DATASET SECTION:
══════════════════════════════

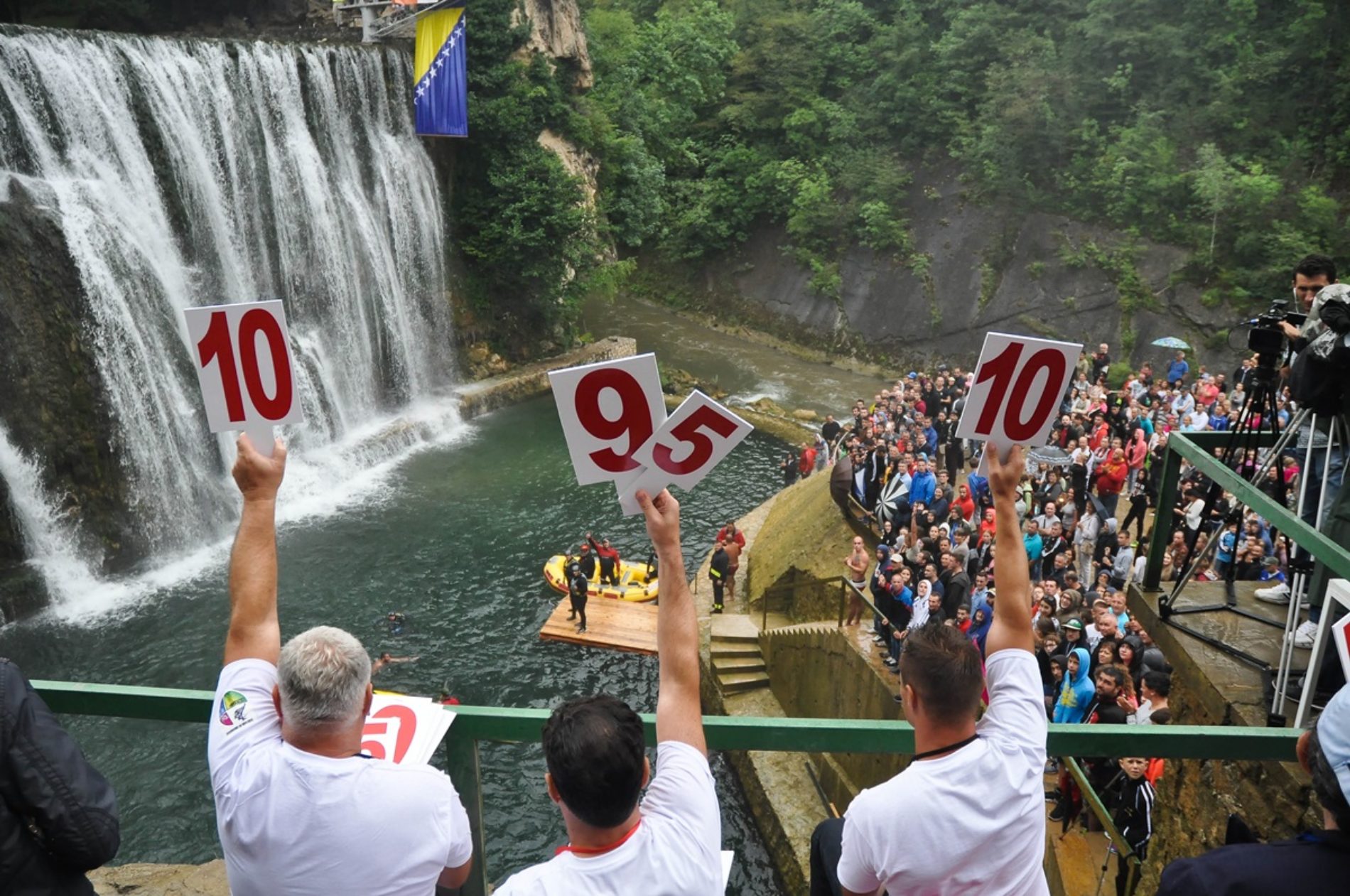 Sarajlija Dino Bajrić osvojio prvo mjesto u međunarodnim skokovima s vodopada u Jajcu (Foto)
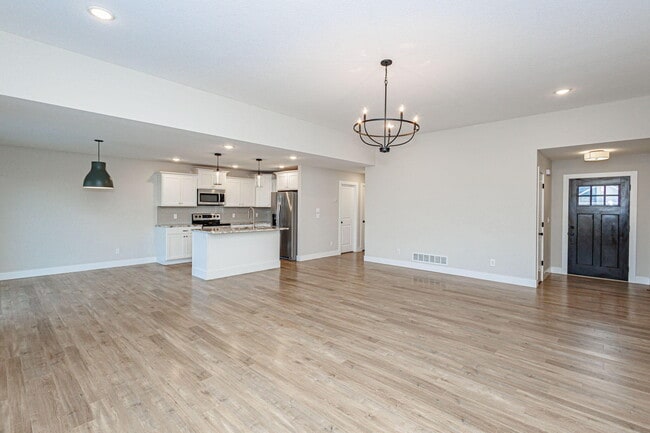 Building Photo - 4919 Kenora Dr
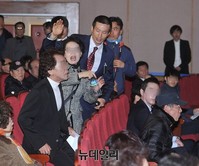 [포토] 새민련, 관악을 재보선 후보 경선 '항의 소동'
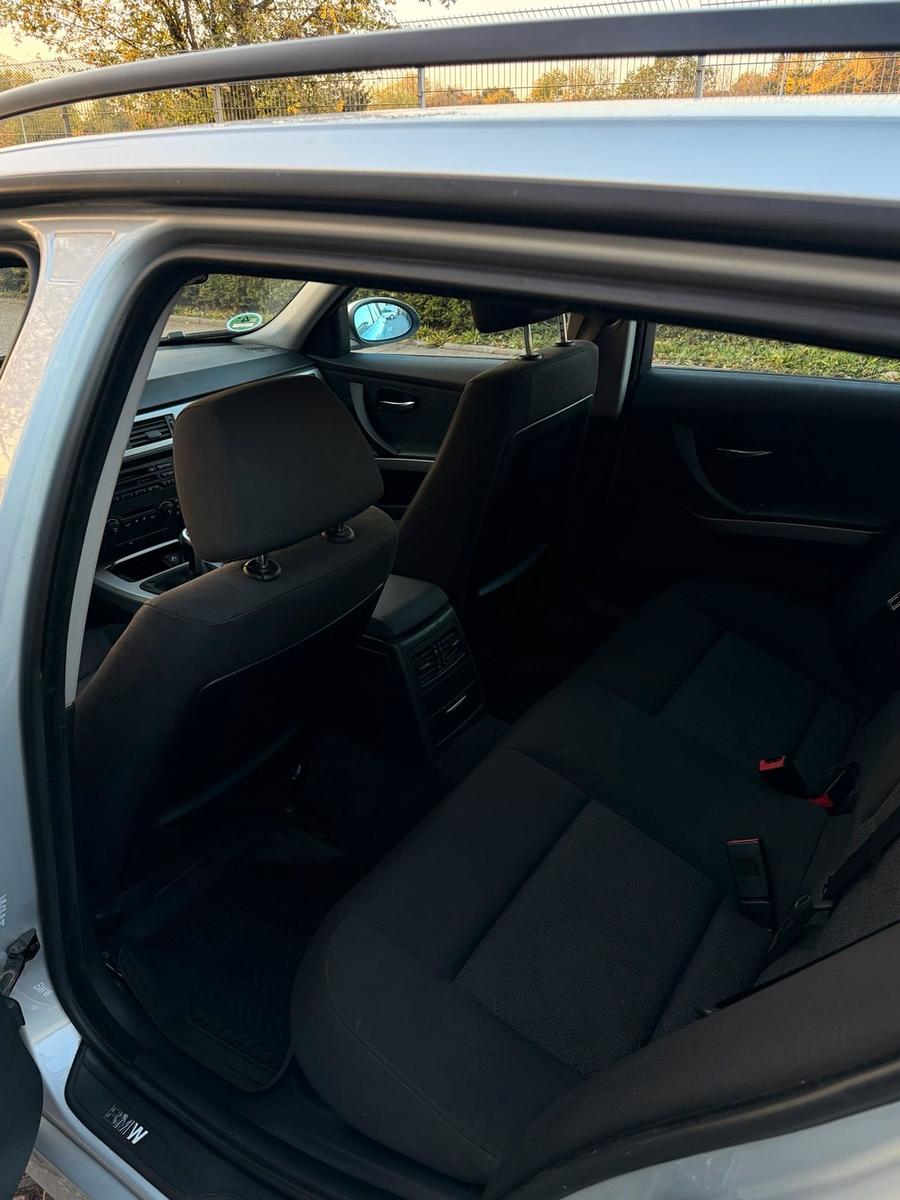 BMW 320 2005 — photo 7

══════════════════════════════

EXERCISE REQUIREMENTS: Return all the data exactly, pictures omitted.

SOLUTION TO THIS EXERCISE:
 Sarajlija Dino Bajrić osvojio prvo mjesto u međunarodnim skokovima s vodopada u Jajcu (Foto)
 Building Photo - 4919 Kenora Dr
 [포토] 새민련, 관악을 재보선 후보 경선 '항의 소동'
 BMW 320 2005 — photo 7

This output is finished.